In the 1980s, Carvalhosa was a member of the São Paulo-based collective Grupo Casa 7, alongside Rodrigo Andrade, Fábio Miguez, Nuno Ramos, and Paulo Monteiro. Like his colleagues, he produced large paintings with an emphasis on pictorial gesture. In the late 1980s he made pictures using wax, either pure or mixed with pigments. Afterwards, he started making sculptures out of diverse materials, mostly organic- and malleable-looking ones. In the mid-1990s he made his “lost waxes” and porcelain sculptures. Carlito Carvalhosa sets out to expand the fields of pictorial and sculptural research in different ways, be it in his gypsum sculptures, be it in his paintings on mirrors, which the curator Paulo Venancio Filho has described as “paintings which put our presence within them.”

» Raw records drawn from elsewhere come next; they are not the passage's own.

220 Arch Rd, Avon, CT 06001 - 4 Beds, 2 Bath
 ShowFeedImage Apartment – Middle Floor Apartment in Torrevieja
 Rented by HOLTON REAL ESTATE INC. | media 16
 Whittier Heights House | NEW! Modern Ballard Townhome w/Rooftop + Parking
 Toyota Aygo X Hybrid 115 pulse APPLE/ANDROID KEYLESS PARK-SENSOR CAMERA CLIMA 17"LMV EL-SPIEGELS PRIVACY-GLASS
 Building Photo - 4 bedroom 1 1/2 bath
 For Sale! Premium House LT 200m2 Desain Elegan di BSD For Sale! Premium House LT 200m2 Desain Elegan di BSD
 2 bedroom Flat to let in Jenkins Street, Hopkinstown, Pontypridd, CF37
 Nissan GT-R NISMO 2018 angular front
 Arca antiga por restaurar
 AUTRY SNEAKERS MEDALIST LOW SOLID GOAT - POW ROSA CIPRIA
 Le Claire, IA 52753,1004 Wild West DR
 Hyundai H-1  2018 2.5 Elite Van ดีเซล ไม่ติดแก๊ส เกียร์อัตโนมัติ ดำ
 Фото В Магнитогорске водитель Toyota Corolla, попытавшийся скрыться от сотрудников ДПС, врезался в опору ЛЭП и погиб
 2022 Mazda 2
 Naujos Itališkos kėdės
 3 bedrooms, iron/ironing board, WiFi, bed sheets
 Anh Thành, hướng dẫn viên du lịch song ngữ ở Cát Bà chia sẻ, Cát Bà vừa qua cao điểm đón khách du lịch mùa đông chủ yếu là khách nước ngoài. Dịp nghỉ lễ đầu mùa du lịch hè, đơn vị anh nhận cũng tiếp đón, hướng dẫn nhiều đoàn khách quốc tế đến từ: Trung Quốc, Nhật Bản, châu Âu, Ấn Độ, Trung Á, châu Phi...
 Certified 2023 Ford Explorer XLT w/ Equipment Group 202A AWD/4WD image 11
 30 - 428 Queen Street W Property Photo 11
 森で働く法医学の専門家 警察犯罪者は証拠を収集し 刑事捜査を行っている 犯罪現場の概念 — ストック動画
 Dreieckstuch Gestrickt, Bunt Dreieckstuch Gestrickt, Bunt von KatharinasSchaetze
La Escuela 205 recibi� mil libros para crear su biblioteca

Born in 1961 in São Paulo, Carlito Carvalhosa lives and works in Rio de Janeiro. He featured in the 18th Bienal de São Paulo, Brazil (1985); the Havana Biennial, in Cuba (1986 and 2012); and the Mercosul Biennial, in Porto Alegre, Brazil (2001 and 2009). Recent group shows include: Experimentando espaços, at Museu da Casa Brasileira, in São Paulo (2009); Poética da Percepção, at the Museu de Arte Moderna do Rio de Janeiro (2008); and Da Visualidade ao Conceito, at the Instituto Tomie Ohtake, in São Paulo (2007), all in Brazil. Recent solo shows include: Shift, at the Sonnabend Gallery (2012) and Sum of Days, at the Museum of Modern Art (2011), both in New York, United States; and A soma dos dias, at the Pinacoteca do Estado de São Paulo, Brazil (2010). His work is included in Brazilian public collections such as those of the Pinacoteca do Estado de São Paulo; the Museu de Arte Moderna de São Paulo; the Museu de Arte Contemporânea de São Paulo, among others.